Monday, August 29, 2005

Home from Home

Because Tramore, the town that smells like an urinal and scowls with undisguised contempt at the rest of the country from the south-east corner of Ireland, is such a scum hole many of its inhabitants attempt to flee it, to pursue better lives for themselves and their families in places where life doesn't arrive and depart with the tourists in the summer and where conversation isn't restriced to local deaths, break-ups and teenaged pregnancies. The deaths are especially envied since they don't have to live in Tramore anymore. Some of Tramore's escapies make it to civilisation; some get stopped at Waterford and sent back with a stern look and a smack on the arse. Some of us, the lucky ones, make it all the way to the huge smoking mass of crap that is Dublin city where we attempt to pretend life is better and the city doesn't smell like a urinal. We're kidding ourselves. It does.

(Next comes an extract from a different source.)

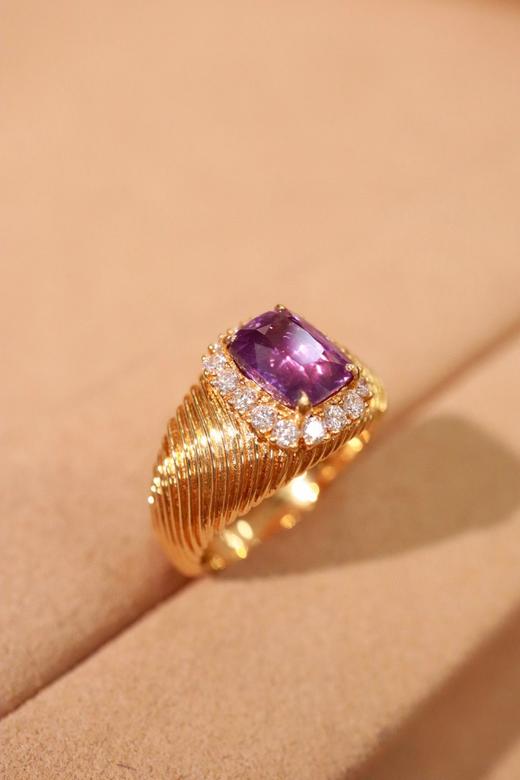 2.54ct刻面紫蓝宝戒指 商品图0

Occasionally the emigres meet by accident on the street: we smile shyly at each other and our eyes search the other's face for the implicit vow of silence we all keep on our origins. "Where you from?" friends will ask; "just outside Waterford, tiny place, you wouldn't know it" we reply shamefully. Truth is, EVERYONE knows Tramore. Everyones been here as well, whether it was as a mewling tyke, paddling and pissing in the sea, a hyped up older child, jaws sticky from candyfloss and popcorn, eyes round from the range of grubby wonders of the amusements and arcades on show, or as an eager young teenager, stumbling parentless from chip-shop to permissive pubs, half-cut on flagons of cider you drank on the shitty smelling bathers slip in the early evening. This is a heritage we are shy to claim as our own.

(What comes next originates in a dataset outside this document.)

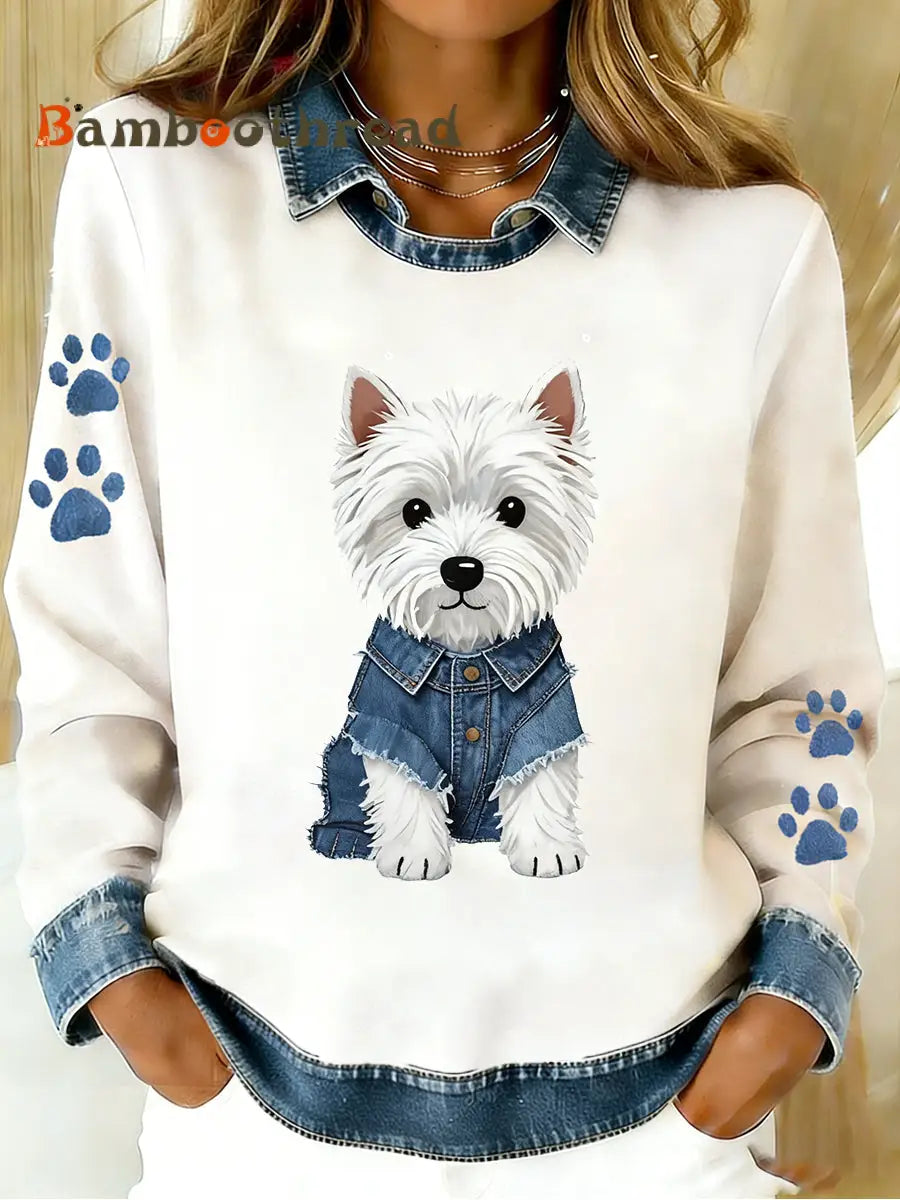 Women’s Vintage Denim Patchwork Top With Animal Art Print Casual And Comfortable A / S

The bond is there though. I'd like to see it reenforced here in Dublin. Which is why I stumbled round Tramore's public houses for most of the weekend, rounding up volunteers for my current Grand Plan, the first annual Tramore reunion. It's slightly more than a little bit naff yet obscure enough to retain a smidgen of coolness. I think I just might be able to pull it off. Plans are all very loose at the moment and I think my co-organisers might be backing out, but I don't mind. Even if I have to sit in a pub on my own and get locked, it'll be alright. At least I'm there. And not in Tramore.

3 comments:

Anonymous said...

lucy i dont like the bad view of tramore, i still live here and think tramore like everywhere has ups and downs, if you didnt have tramore you wouldnt be able to have this 'cool' get together!!

Anonymous said...

Lucy, what about the hours of fun we had ironing yesterday, did that note mean anything to you? If it werent for Tramore we wouldnt of had that precious time!

Anonymous said...

This is excellent. I really enjoyed reading this. Who cares if Tramore is actually "not that bad", you can't beat a good old burst of vitriolic writing. I wish someone would write a whole Travel book in this manner.